> **What you need to do**
Give back exactly the lines from the "Grownsy N1T Bottle Warmer" line to the final line of the records, and only those, minus any pictures.
-----
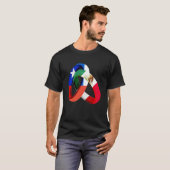 Chile Flag Mexico Grown Ring Marriage Wedding T-Shirt (Vorne ganz)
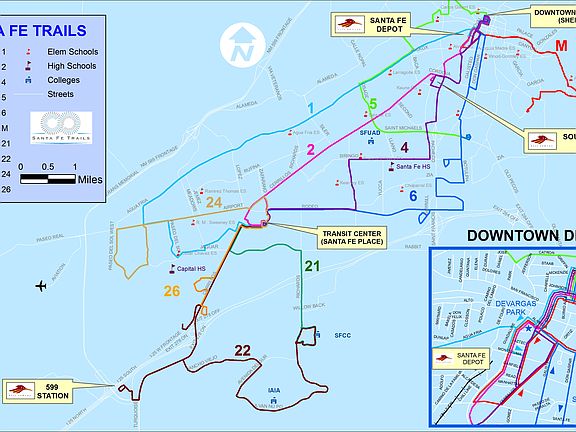 1/2 mile from Residence 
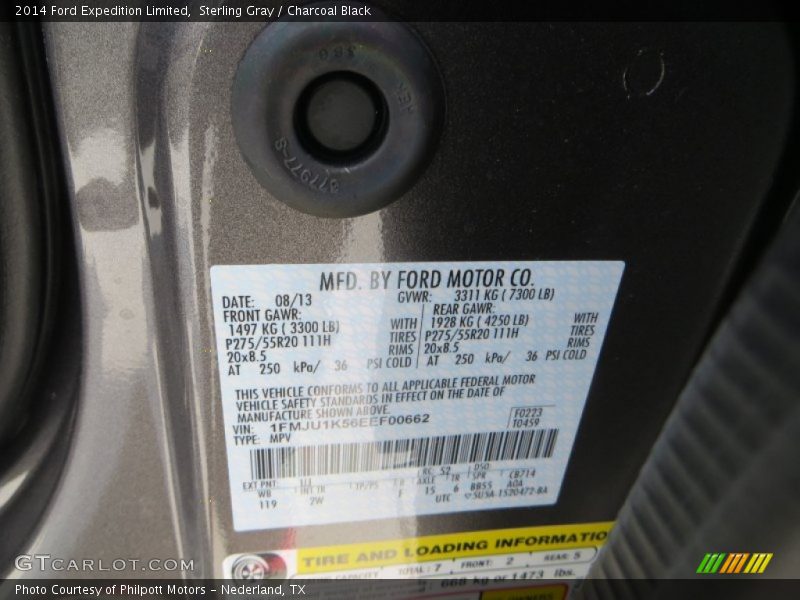 Sterling Gray / Charcoal Black 2014 Ford Expedition Limited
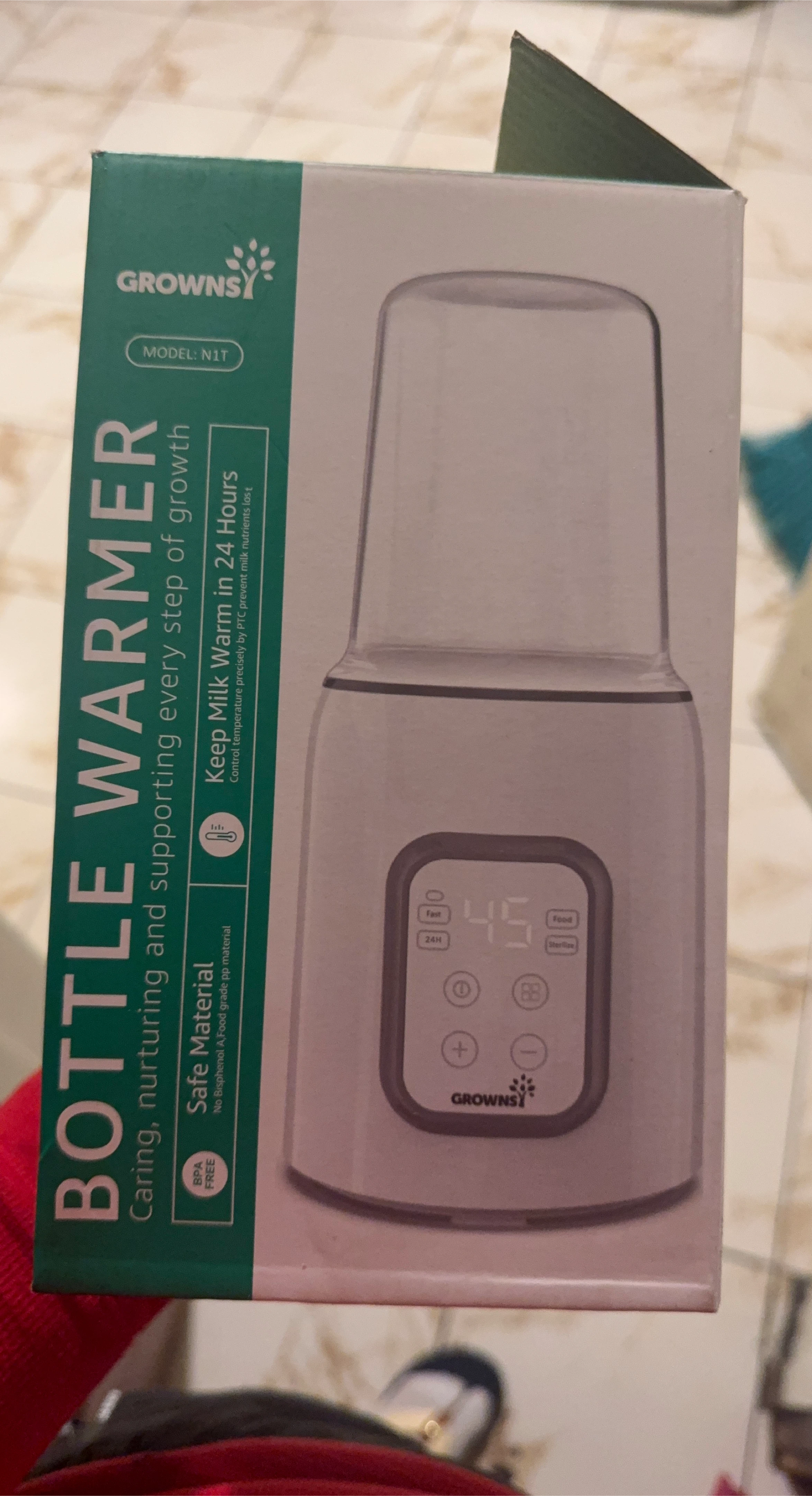 Grownsy N1T Bottle Warmer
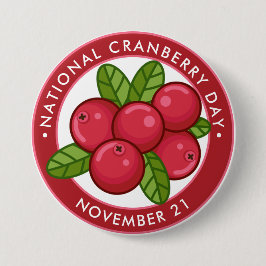 Nationaler Cranberry-Tag, Cranberries Button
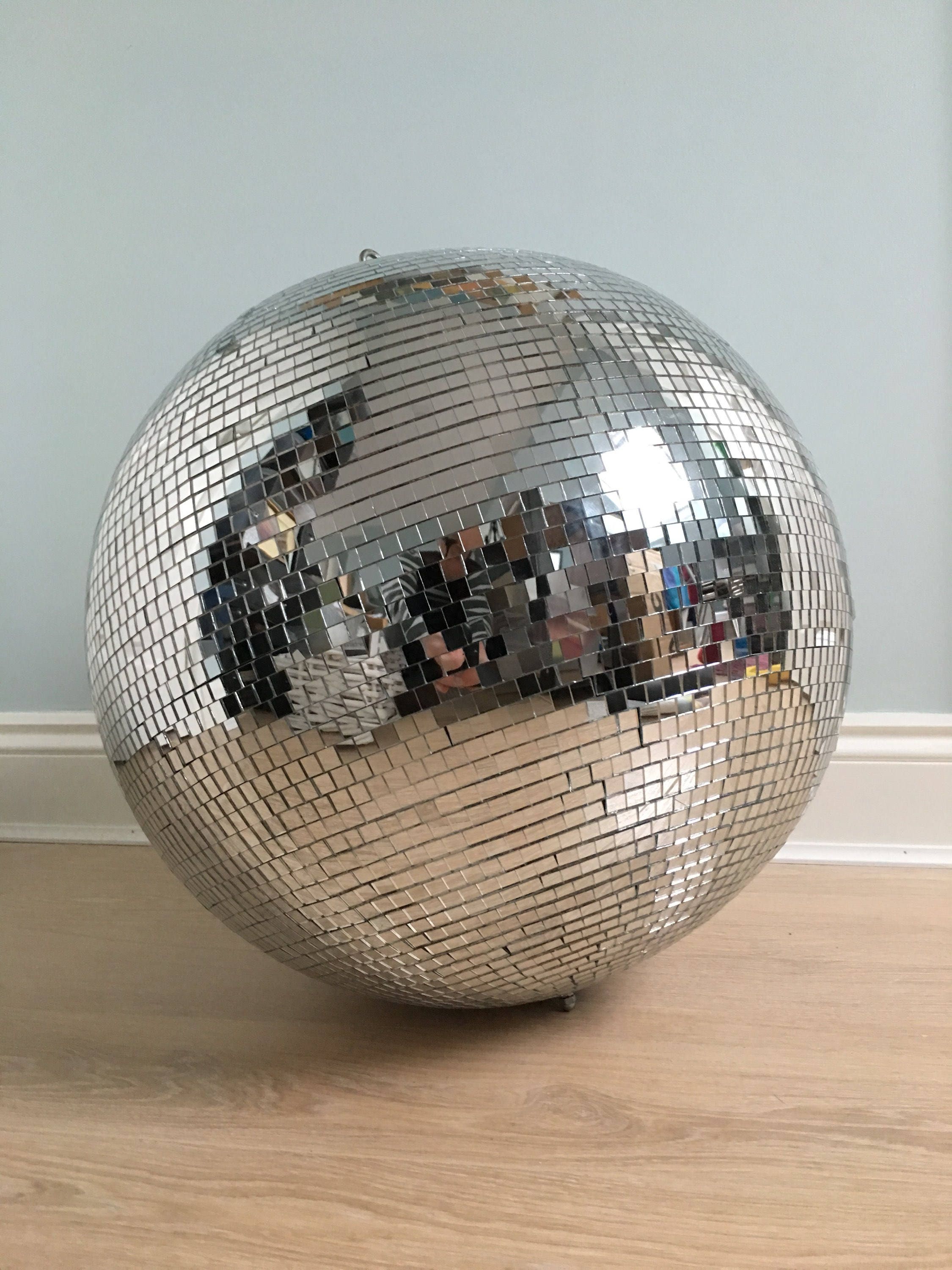 Vintage original disco mirror ball globe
-----
> **Exercise answer**
 Grownsy N1T Bottle Warmer
 Nationaler Cranberry-Tag, Cranberries Button
 Vintage original disco mirror ball globe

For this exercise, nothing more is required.